◆ EXERCISE ◆
Write out nothing except the lines of the entries below, from the first through the one containing "Photo 3 of Single", exactly and without pictures.

(Image-caption web data)
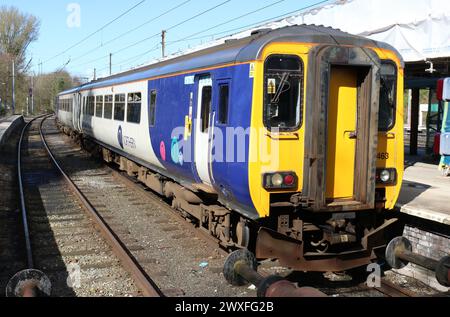 Northern Trains Super Sprinter Diesel-Triebzug der Baureihe 156 am 30. März 2024 in der Bucht Gleis 2 am Bahnhof Lancaster. Stockfoto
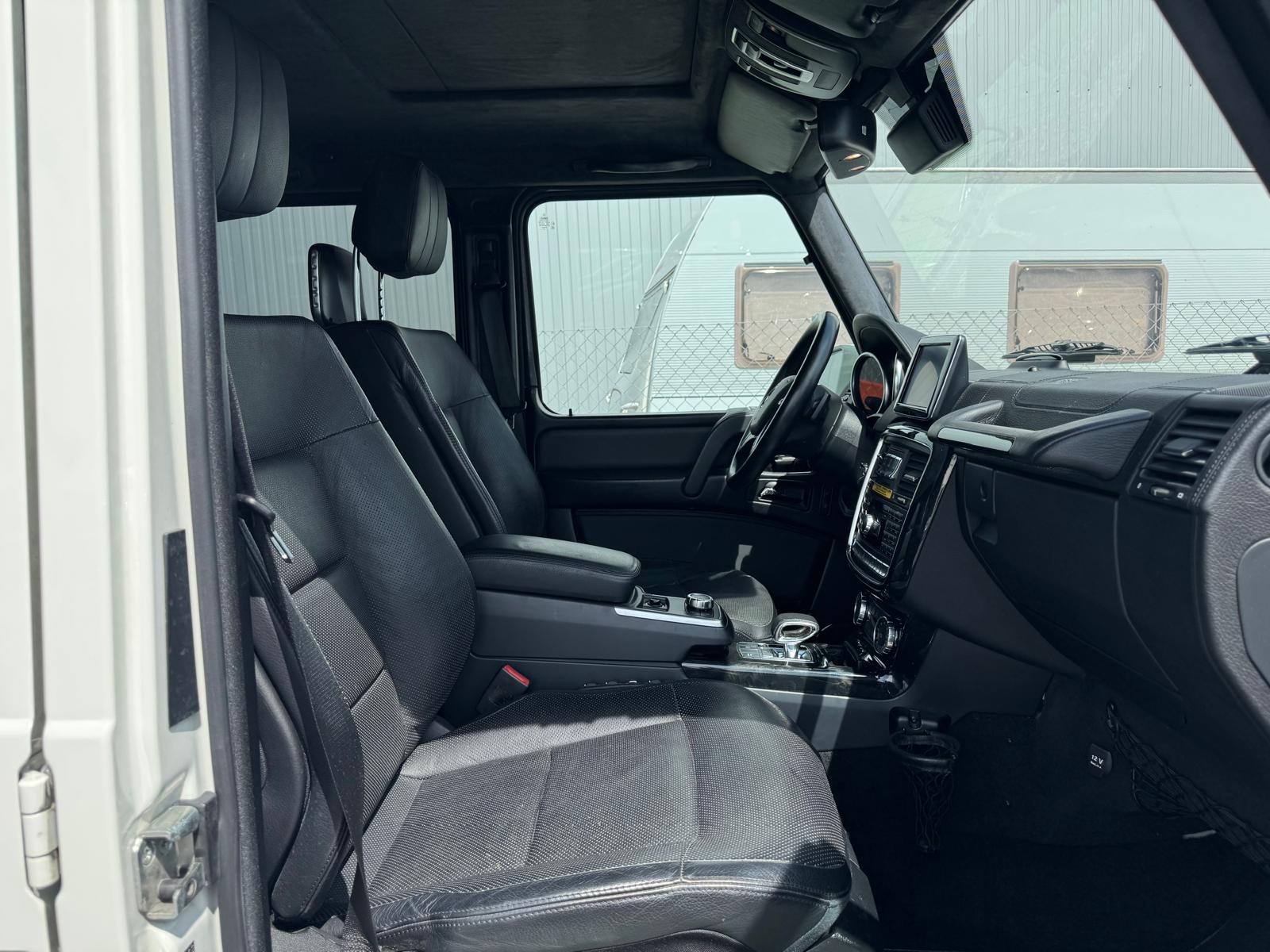 MERCEDES-BENZ G 350 BlueTEC 7G-Tronic-image-24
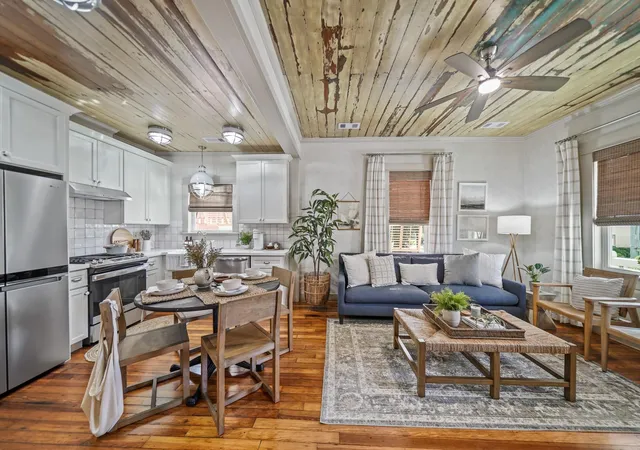 Photo 3 of Single family home for sale at 3705 Ave K, Galveston, TX 77550 | MLS# 19352045 | Listing updated on 2026-08-27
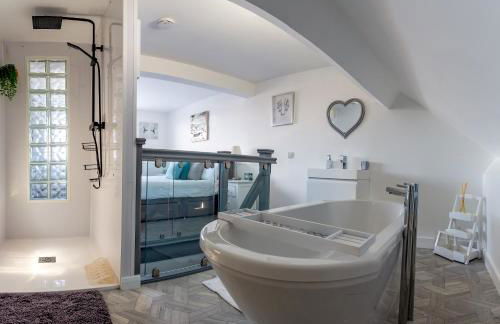 Cottage, Hot Tub, Open fire, Games Room, large Garden Sleeps 2-8 - Foto 66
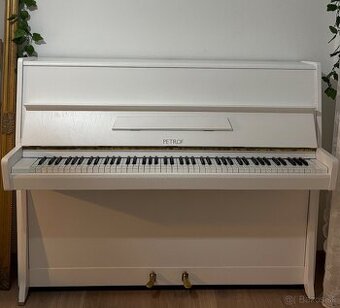 Pianino/piano PETROF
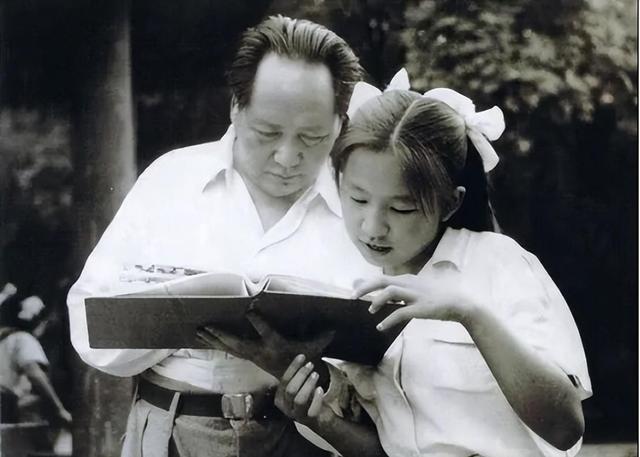 李敏李讷关系不和？李讷晚年接受采访，含泪说出实情：多亏了姐姐-3.jpg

◆ ANSWER BOX ◆
 Northern Trains Super Sprinter Diesel-Triebzug der Baureihe 156 am 30. März 2024 in der Bucht Gleis 2 am Bahnhof Lancaster. Stockfoto
 MERCEDES-BENZ G 350 BlueTEC 7G-Tronic-image-24
 Photo 3 of Single family home for sale at 3705 Ave K, Galveston, TX 77550 | MLS# 19352045 | Listing updated on 2026-08-27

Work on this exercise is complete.